Chopra, who turns 34 Dec 23, has paid his dues.

A ward of Kel Llewellyn, Chopra turned professional at 19 and went through the paces on various tours – Indian, Asian, European and finally Nationwide and PGA.

There were successes and heartbreaks at every stage, but Chopra stayed the course and Monday he found the sweet rewards with his maiden PGA Tour win in the Ginn sur Mer Classic at Tesoro Club, Florida.

Three weeks ago, he entered the Valero Texas Open on the bubble as far as securing his 2008 card was concerned. A third place before Monday’s win did it.

Back in 2001, Chopra was weeks, probably days, away from planning a shift to becoming a teaching pro after coming close to losing the playing rights on various tours.

But he found in Jeev Milkha Singh a close friend who was willing to help him tide through the rough patch with a temporary loan. Jeev did not bat an eyelid and gave him a cheque and, not just that, also put in word for a sponsor’s spot into an event in Taiwan.

Chopra did so well that he went on to win the Mercuries Masters. And thus was brilliant golf career saved.

That Chopra has been able to triumph at the highest level, soon after his old buddy Jeev Milkha Singh grabbed four wins on the Asian, European and Japan Tours last year, is indeed sweet since they keep in touch despite playing thousands of miles apart.

“In my book, Danny has always been one of the most talented players I have ever seen. With this win, he has proved that he is among the best,” said Jeev from Spain, where he defends the Volvo Masters of Europe title at Valderrama.

A member of the European Tour from 1996 to 2000, Chopra went back to the Asian Tour after losing his playing rights in Europe. He won in Taiwan in 2001 and so had a card in Asia for 2002.

But he switched to the Nationwide Tour to try and make it in the US and finished 90th on the money list. Nothing sensational.

The following year, he made 16 cuts in a row and finished 21st on the money list with $178,799, a mere $1,164 behind Tommy Tolles for the final 2004 PGA Tour card as only the top-20 earned the card for following year.

Undeterred, he went to the qualifying school and finished sixth to make it to the 2004 PGA Tour.

He played the PGA Tour with moderate success in his first year, but he likes playing so much that when he could not get into some big events, he entered some Nationwide Tour events as well.

He won twice in two weeks at First Tee Arkansas Classic and Henrico County Open, shooting a record 30-under in the latter.

He stayed on in top-125 to save his PGA card for 2005 and has stayed in the elite group since.

The year 2006 was his best till now when he made 22 cuts in 33 starts and finished in the top-10 six times including runner-up at the Frys.com Open and won a career-high $1,530,455.

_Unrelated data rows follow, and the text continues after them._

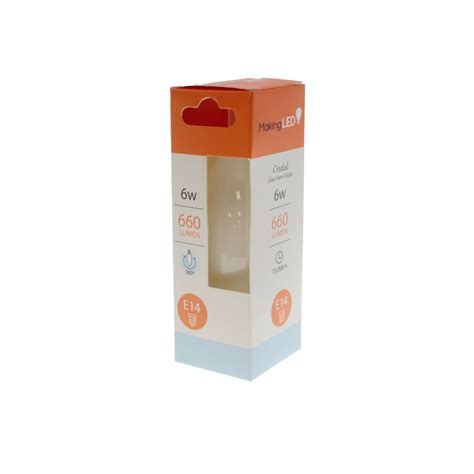 Milky light bulb C37 E14 6W 6000K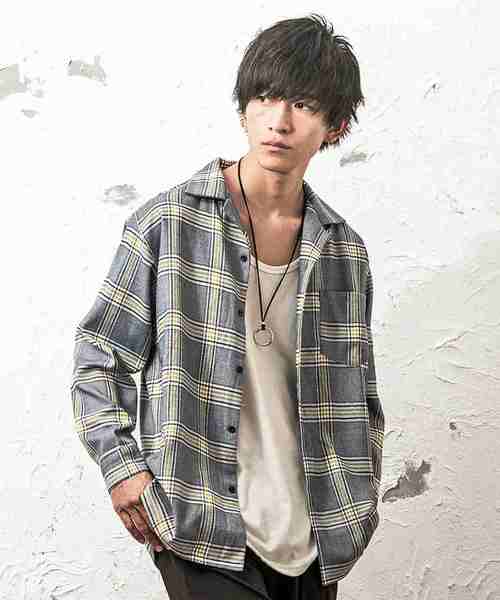 MinoriTY(マイノリティ)の「ビッグシルエットチェックシャツ オープンカラー(シャツ/ブラウス・メンズ・ブラウン/ブルー・M/L)」の2枚目の写真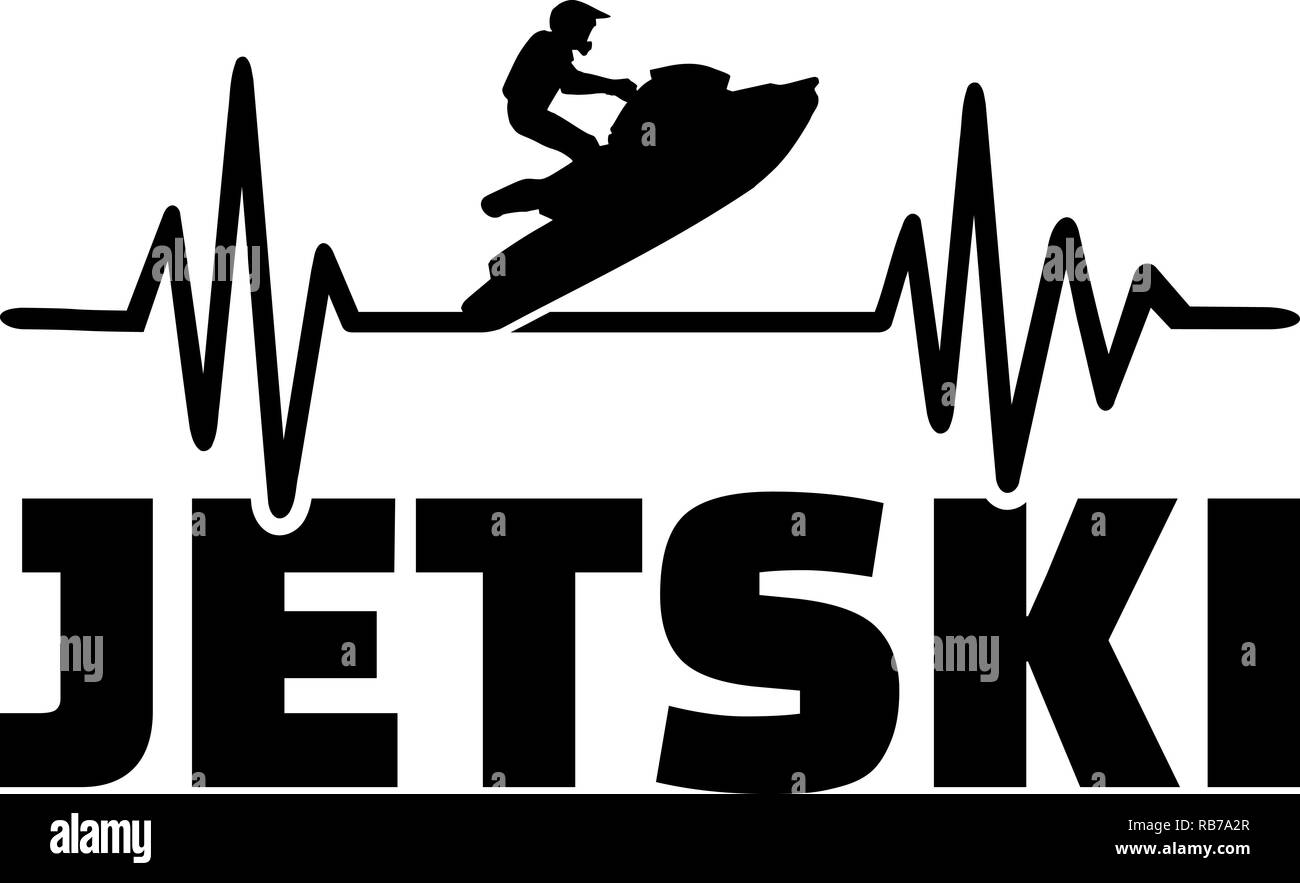 Impulso di heartbeat di linea con jetski sull'acqua Foto Stock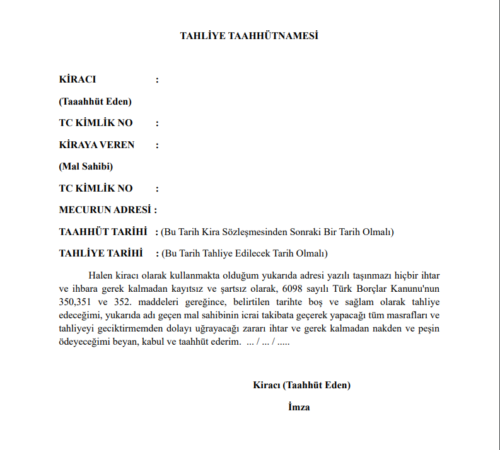 tahliye taahhütnamesi örneği 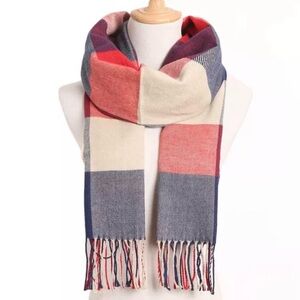 Winter cashmere Plaid Red Scarf for women and men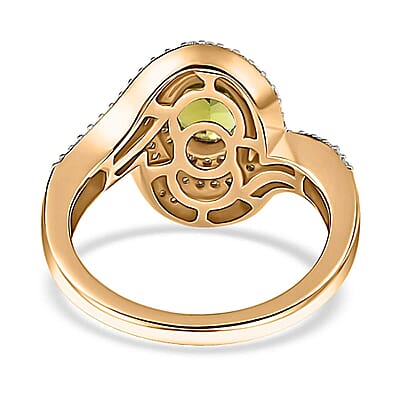 Luxoro 10K Yellow Gold AAA Natural Calabar Green Tourmaline and Moissanite Ring (Size 6.0) 1.25 ctw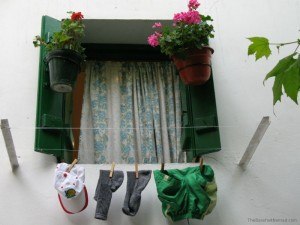Laundry outside window Spain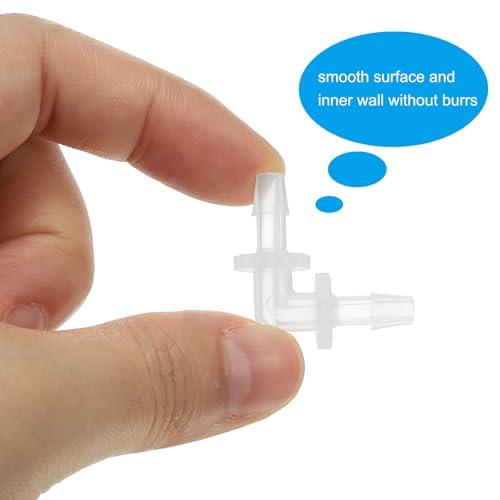 PATIKIL 5/32" Plastic Hose Barb 90 Degree Elbow, 5 Pack L-Barb Fittings 2 Way Equal Barbed Joint Connector Splicer Mender Hose Adapter Union Adapter for Aquarium Fuel Gas Liquid Air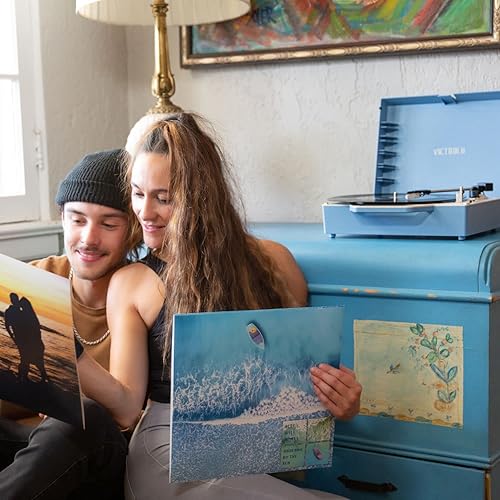 Miniatura 15 de Victrola Re-Spin Reproductor de discos de vinilo, maleta sostenible, 3 velocidades (33 13, 45 y 78 RPM), Bluetooth, correa, radiador de graves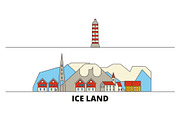 Iceland flat landmarks vector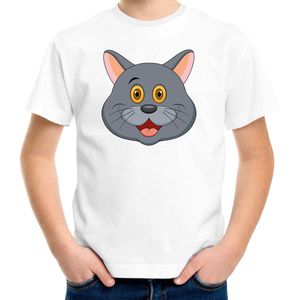 Cartoon kat t-shirt wit voor jongens en meisjes - Cartoon dieren t-shirts kinderen - T-shirts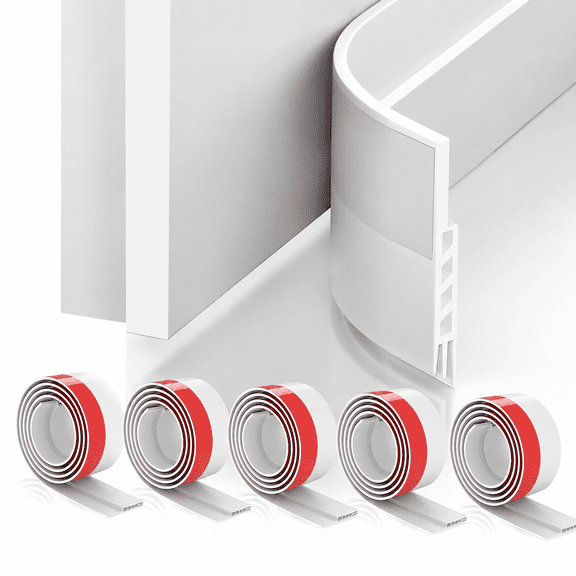 5-Pack Door Draft Stopper, White Silicone Door Bottom Seal Strip, Self-Adhesive Weather Stripping for Sound Insulation, Dustproof and Energy Saving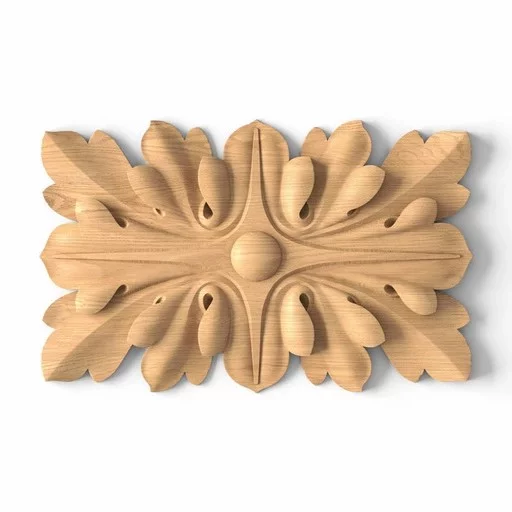 RECTANGULAR CARVED ROSETTE WITH ACANTHUS LEAVES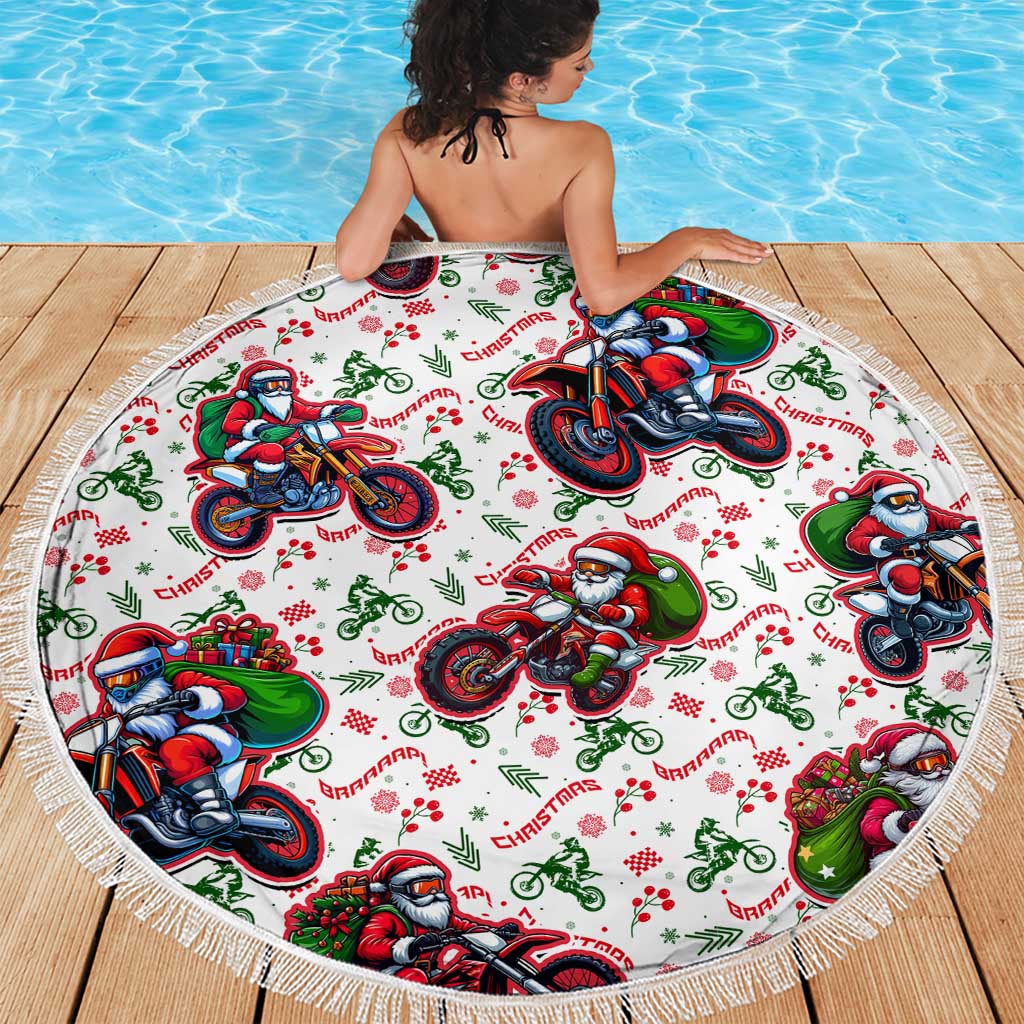 BRAAAP! Motorbike Santa Christmas Beach Blanket - Wonder Print Shop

Now in 2007 he has bettered all those marks.

But what Chopra desperately needed was a win. He came close with a third place at the Valero Texas Open, which also helped him secure his card for 2008.

And now finally after a long, long wait, came the win on his 133rd start.

Chopra was born in Stockholm to an Indian father and Swedish mother. But he came to India at the age of seven and grew up with his grandparents. He won the All-India Junior Golf Championship when he was 14 and also emerged winner at Doug Sanders World Junior Championships.

A keen traveller who maintains up his own website, Chopra also has another lofty claim – that of being the first person to hit a golf ball off the Great Wall of China, in 1995.

Early in his career, Chopra, who was among the first non-caddies to turn pro, travelled around Asia and Europe. He won the Johor Baru Open in Malaysia and the Swedish International Championship in 1993, the Classic Indian Masters, Jamtland Open and Challenge Chargeurs on the European Challenge Tour and the Indian PGA Championship and the Malaysian PGA Championship in 1994.

In 1995, he won the Taiwan Open and six years later, the same place would save his career when he won the Mercuries Masters.

A brilliant shot-maker on his day, Chopra needed a ‘PGA winner’ tag on his bio-data. Now he has it.

And with it, he can go places and make a mark at the highest levels.